More interesting, though, is how information is traditionally organized in a news story. You might have heard of the “inverted pyramid” style of journalistic writing: pile the most important details at the beginning of the story, followed by information of decreasing interest or import as the story goes along.
In the beginning, this style was a concession to printers. If a news story started to go long and the printer knew he was going to run out of space, he would shorten the story by cutting from the end — in which case he would be cutting the least important information in the article. With the inverted pyramid, a printer should theoretically be able to continue cutting until only the first paragraph is left and the story would still make sense and contain the most important information. That’s one reason why journalism students are taught to put the five Ws — who, what, when, where, and why — as early as possible in a news article.
The online sphere
Does it make sense to continue writing in this style for online news? There are good arguments for both sides.
- It’s good for SEO. There’s quite a bit of evidence showing that search engine algorithms place higher importance on the text at the top of a page than on text at the bottom. Whether this is motivated by Google programmers’ expectations of journalistic-style writing online or by some other consideration is unknown, at least to me. Regardless, making sure information about what a web page is all about shows up near the top can improve search rankings.
- It’s good for quick consumers. Some people want just the facts. Having the most important information at the top of an article satiates the quick consumer’s desires and gets them moving along.
- It limits voice and style. Lead a reader to an important piece of information? Not likely. Start with an anecdote? Nuh-uh. Build suspense? Fuhgeddaboudit. Not only the inverted pyramid but traditional journalistic style, in general, is very limiting. It’s designed that way. The ideal journalist states uninterpreted facts in an unbiased way. That doesn’t leave much room for style or personal character to show through.

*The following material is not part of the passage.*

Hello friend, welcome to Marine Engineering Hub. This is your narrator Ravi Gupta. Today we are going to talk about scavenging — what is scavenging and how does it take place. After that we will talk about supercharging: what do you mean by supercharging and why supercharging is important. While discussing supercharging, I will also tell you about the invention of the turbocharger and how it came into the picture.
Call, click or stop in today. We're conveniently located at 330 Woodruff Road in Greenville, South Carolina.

- It won’t encourage people to stay. The thing about quick consumers is that they come to a site, get the little niblet of information they need, and then leave. Generally, businesses want to attract people to their websites and keep them there. If everything a person wants is in the first paragraph or two, why read the whole thing?

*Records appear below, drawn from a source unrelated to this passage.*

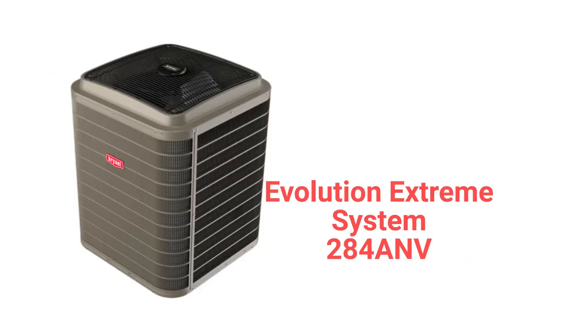In the ultimate category, the 284ANV model, part of their Evolution Extreme system, has the ability to communicate with the rest of the home's heating and cooling parts to maximize efficiency all year long. It also features their AeroQuiet system as well as soft start and smooth ramp up to operating speed, which makes it very quiet. It has a very good 10.5 HSPF heating efficiency and is backed by their Red Shield guarantee, which includes 10-year unit replacement if the compressor fails.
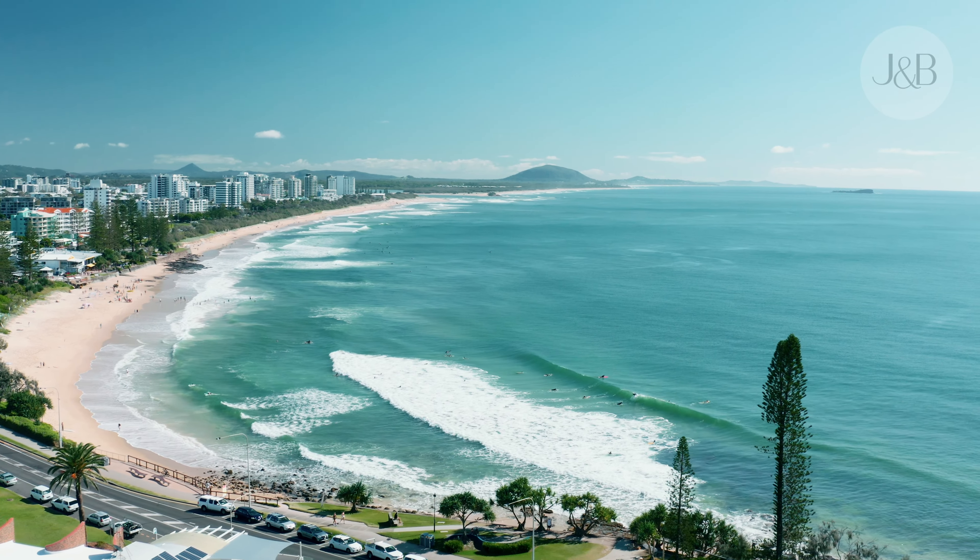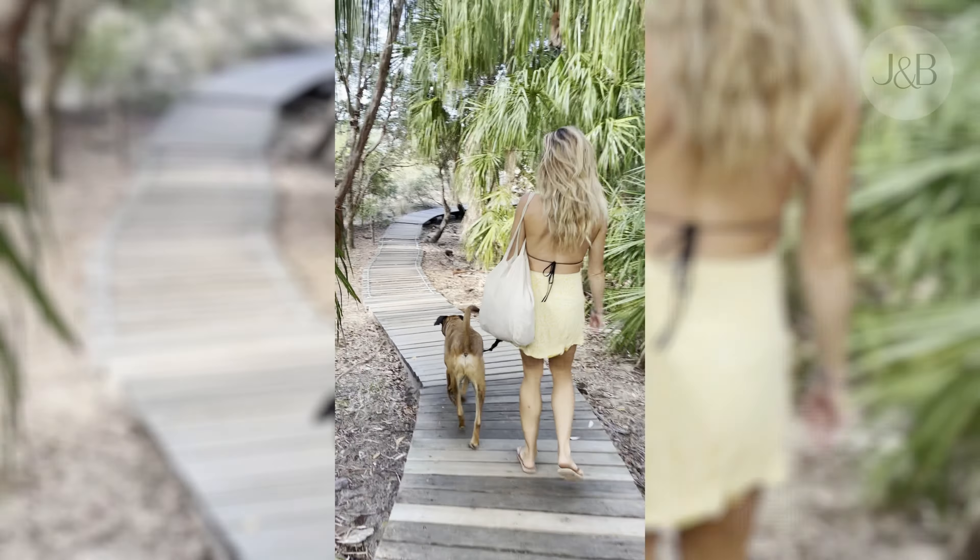So we're here in this beautiful part of the world. We like to spend our time outside surfing, doing yoga. We got into property to enable us to live the life of freedom and choice.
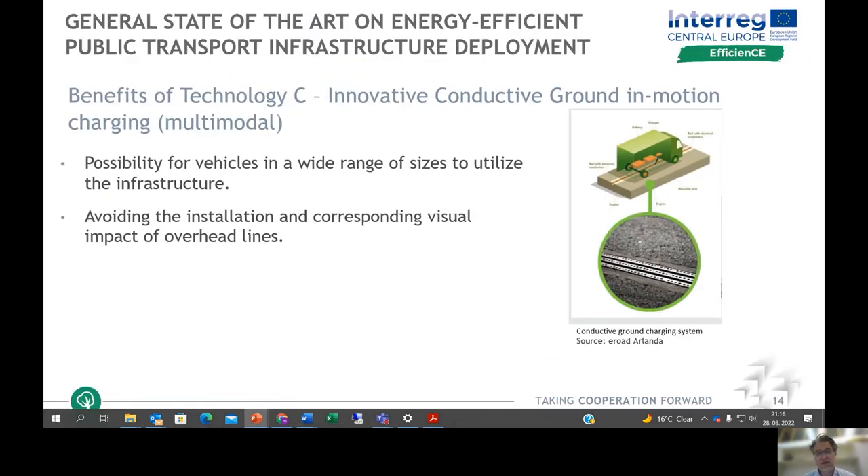The third innovative technology is conductive ground in-motion charging, which has two major benefits: it allows vehicles of a wide range of sizes to utilize the infrastructure — enabling a multimodal usage concept — and it avoids the installation, operation, and visual impact of overhead lines. The charging is embedded in the ground and is visually much less intrusive.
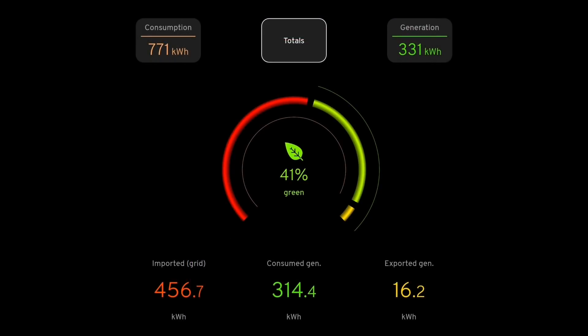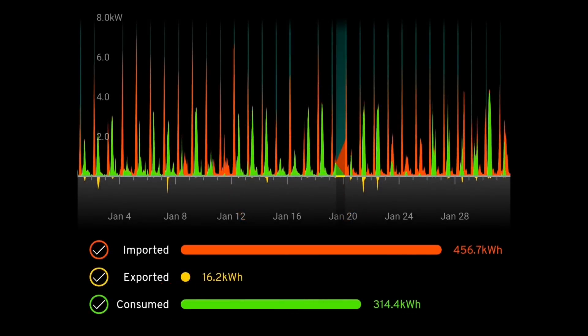The My Energy app gives quite a good summary. Consumption was 771 kilowatt hours, 331 kilowatt hours generated — it's saying we imported 456 kilowatt hours and exported 16 kilowatt hours. 41% green overall — pretty good. Looking at the chart from My Energy, you can see at the bottom where the yellow export is showing, there are hardly any days with export. That's what we like to see, especially in winter — we need to use all of the energy we generate.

Also worth considering are the psychological aspects of writing structure. Have consumers (especially those who grew up reading newspapers) come to expect traditional newspaper style to such a degree that they’re turned off by other types of presentation? Are people dubious of a more creative and nuanced presentation of information?

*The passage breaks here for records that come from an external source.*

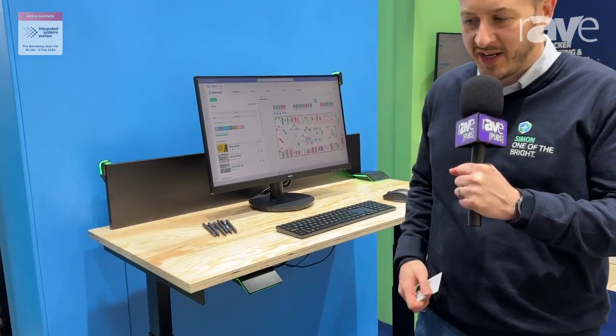Hi, I'm Simon Privitt, Channel Development Manager for the UK and Ireland at GoBright, and I'm here to show you our desk booking solution which integrates with height adjustable desks.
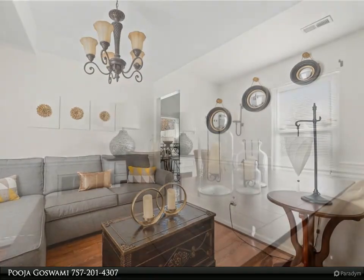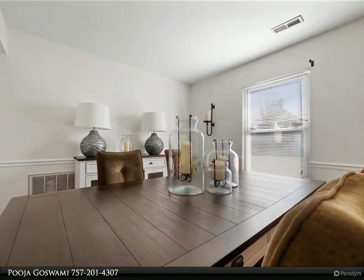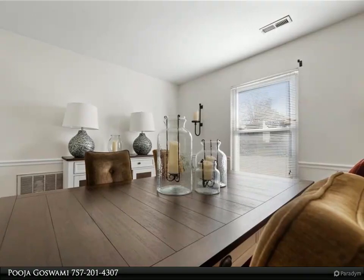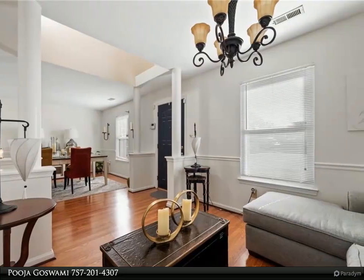You would not like to miss this one. The entrance leads to the beautiful foyer, to the formal dining and living area, and to the kitchen and living room. Upstairs are three nice-sized bedrooms with updated bathrooms and a very well-kept primary suite.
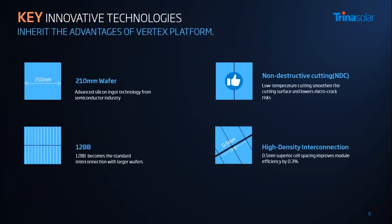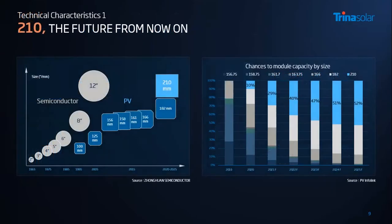What are the innovative technologies in this product? Basically, we have 210mm large wafers, non-destructive cutting, multi-busbar, and high-density interconnection. From this picture on the left side, we can see that PV wafer size is always keeping pace with semiconductor wafers. 210-millimeter wafers were applied in these vertex modules. From the right-hand side, we can see the portion of 210mm wafers this year is almost 30 percent. By the end of 2023, that portion will reach 50 percent.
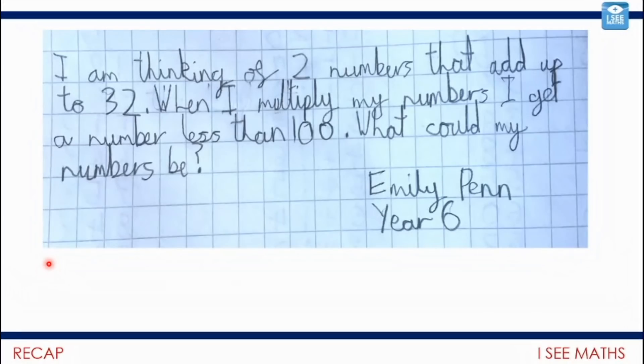Today's mental warm-up is provided to us by Emily, so thank you, Emily. We had a look at this great pattern last week, and let's see if we can have a go. I'm thinking of two numbers that add up to 32. When I multiply my numbers, I get a number less than 100. What could my numbers be? How many answers can you find? Can you find all of them? How do you know you've found them all? Pause the video and have a go.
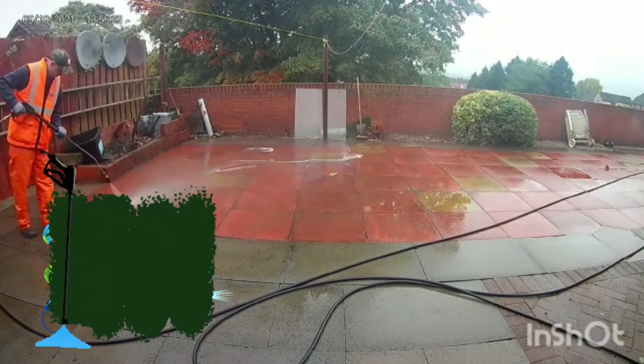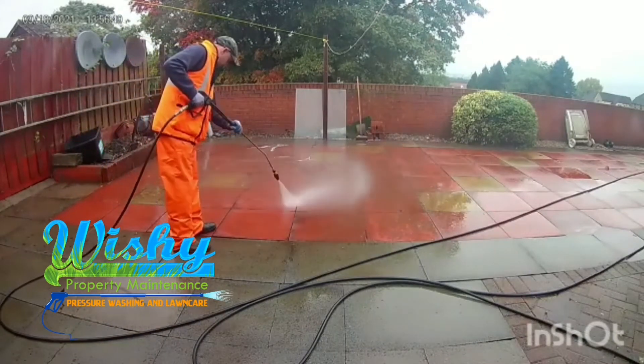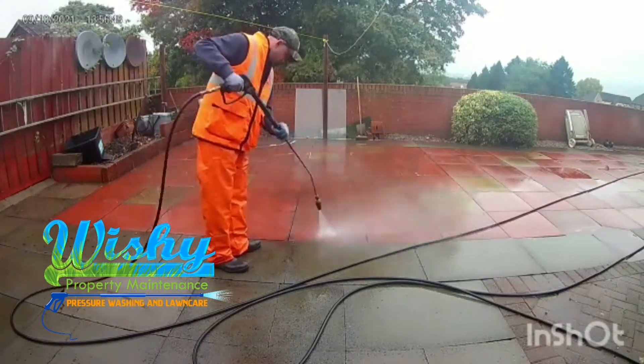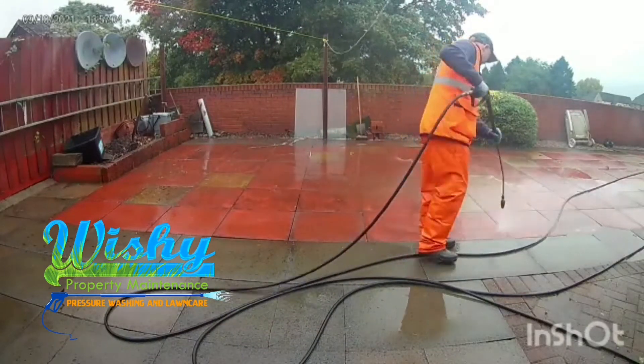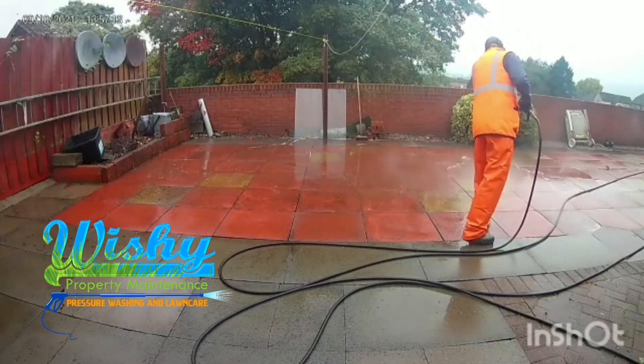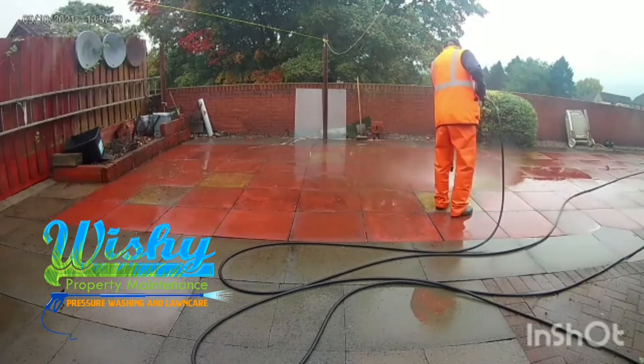What's happening guys? It's Kirsty from Wishy's Property Maintenance. Today's video is a customer's patio which we have pre-treated with a soft wash then cleaned with our hard surface cleaner. Now we have our turbo nozzle on and are ready to get stuck in. If you don't want to miss out on the end results, please like and follow to avoid disappointment.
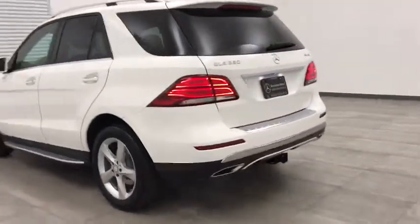This vehicle has less than 35,000 miles. Here are some of this vehicle's great options: keyless entry, power liftgate, backup camera, all-wheel drive, power passenger seat, traction control, stability control, anti-lock braking system.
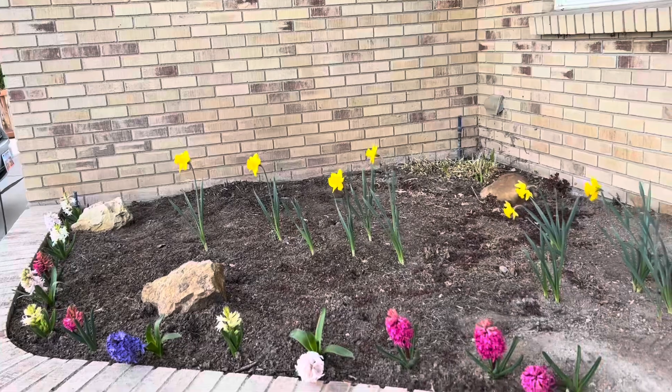Hi friends! Here I am outside at my house. It's kind of a weird day today — you know, spring in Utah is weird. It's kind of sunny but also cold out here. But I just wanted to show you some things in my yard. Here they are — this is my beautiful flower bed.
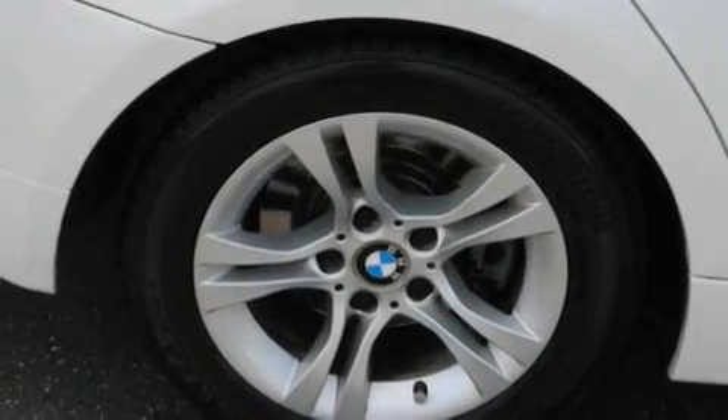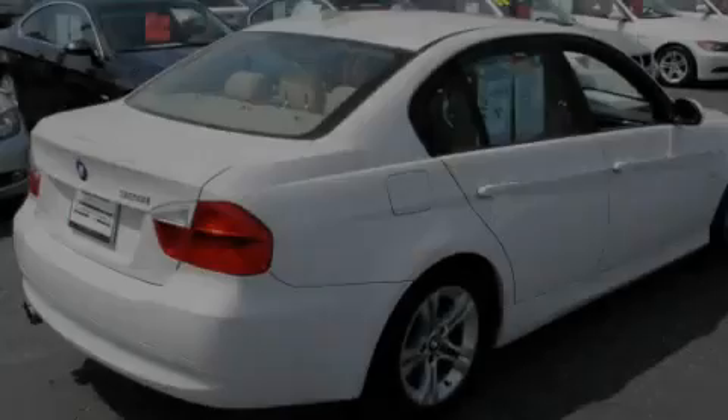With an EPA estimated rating of 28 miles per gallon on the highway, this automobile helps leave money in your pocket where you want it.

Squaring away your content
Theoretical and philosophical debates are fun, sure, but, eventually, you’ll need to do something. The truth is that people on the Internet are so diverse that there’s room enough for everybody — from the headline hopper to the long-form lover. If you want to get the most out of your online content, your audience’s preferences are more important than your own.
So how do you know what your customers want?
It’s probably in your website analytics already; take a look. High page views but low time-on-site or an overall high bounce rate both can indicate quick consumers — people are finding what they need on your site and then leaving. The longer time spent on a page means people are reading the articles to the end. People who consume the entire post are also more likely to leave comments — they’ve already invested their time, so why not make the most of it? — so a healthy pattern of comments is indicative of consumers who read entire articles.
If your site visitor count isn’t what you want it to be, you might want to take a more focused look at your writing style and run some tests. Try a week of writing in a traditional news style followed by a week of more creative nonfiction. Watch the numbers for those two weeks and see which one gives you the outcome you prefer.
What about you? When you write content bound for the Web, do you think more like a reporter — an unbiased presenter of facts — or as a creative writer — thinking in terms of telling stories that hold a reader’s interest to the end?